3. Be held accountable
If you tell people you’re doing it, then you’re really going to have to. If you enjoy writing, start a blog or a social media channel to track your progress. Not comfortable with going so public? Tell a friend what you’re planning to do so they can check in with you. They might even want to join you!
4. Try a January resolution and review it at the end of the month
A year is a long time and you’re more likely to feel like a failure if you don’t make it all the way through. For a resolution that smacks more of ‘trying something out’ than ‘commit, or else’, try taking it a month at a time.
I like to use journalling to review my progress.

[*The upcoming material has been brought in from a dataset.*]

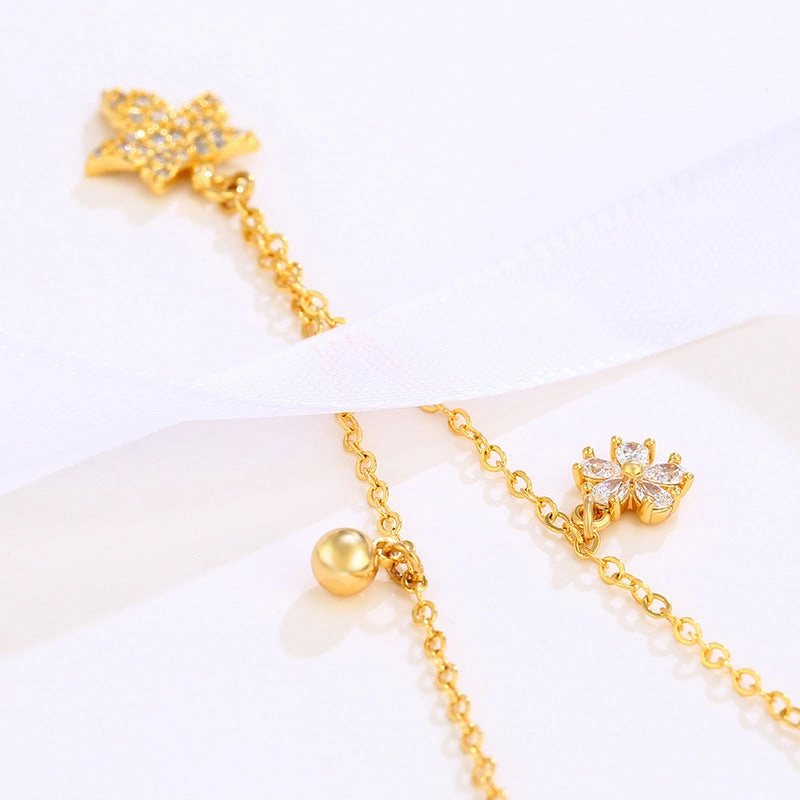 Wholesale Gold-plated Zirconium Maple Leaf Alloy Clavicle Chain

That way, I can look back over what I’ve done, and work out if it’s something I want to continue with, or whether it’s the right time to move on to a new challenge.
My New Year’s resolution
I’m right there with you in wanting to do better and setting a resolution. I’ll share mine with you now: I want to walk one of my local walking routes, the 100 mile Leicestershire Round.

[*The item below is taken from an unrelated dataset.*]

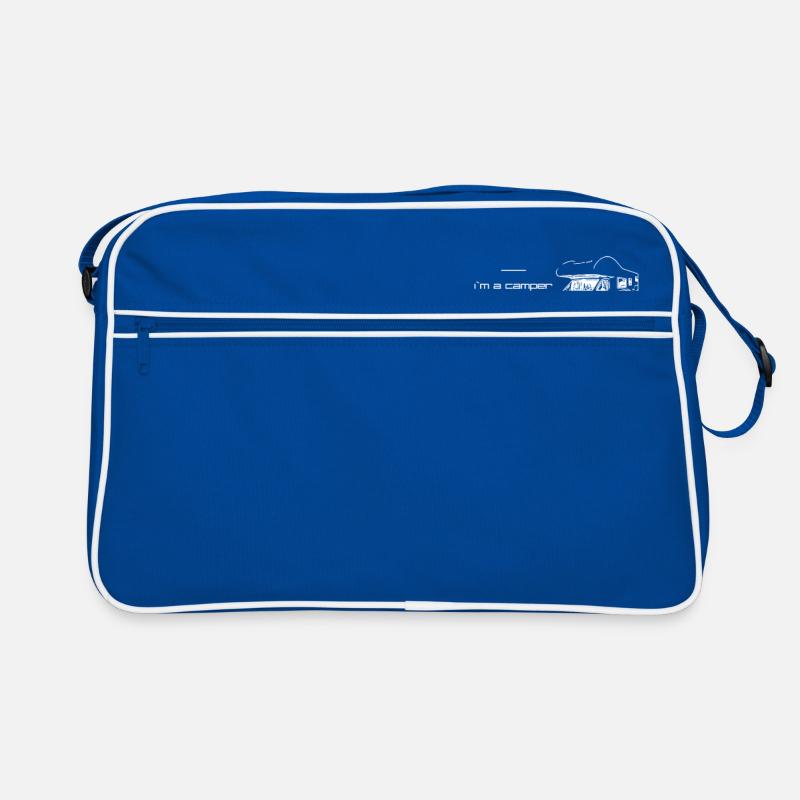 Je suis un campeur - Sac Retro - bleu/blanc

I’ve applied my own resolution rules here: I want to explore more of the Midlands, because it’s where I’m from and I think there are a lot of hidden gems to explore. It’s local to me, so getting started doesn’t involve the big drives that can put me off before I’ve even begun a Lake District or Scotland walk. I want to break it down into realistic pieces and do it over the year.
Finally - Gulp! - I’ve told you all, so there’s no backing down!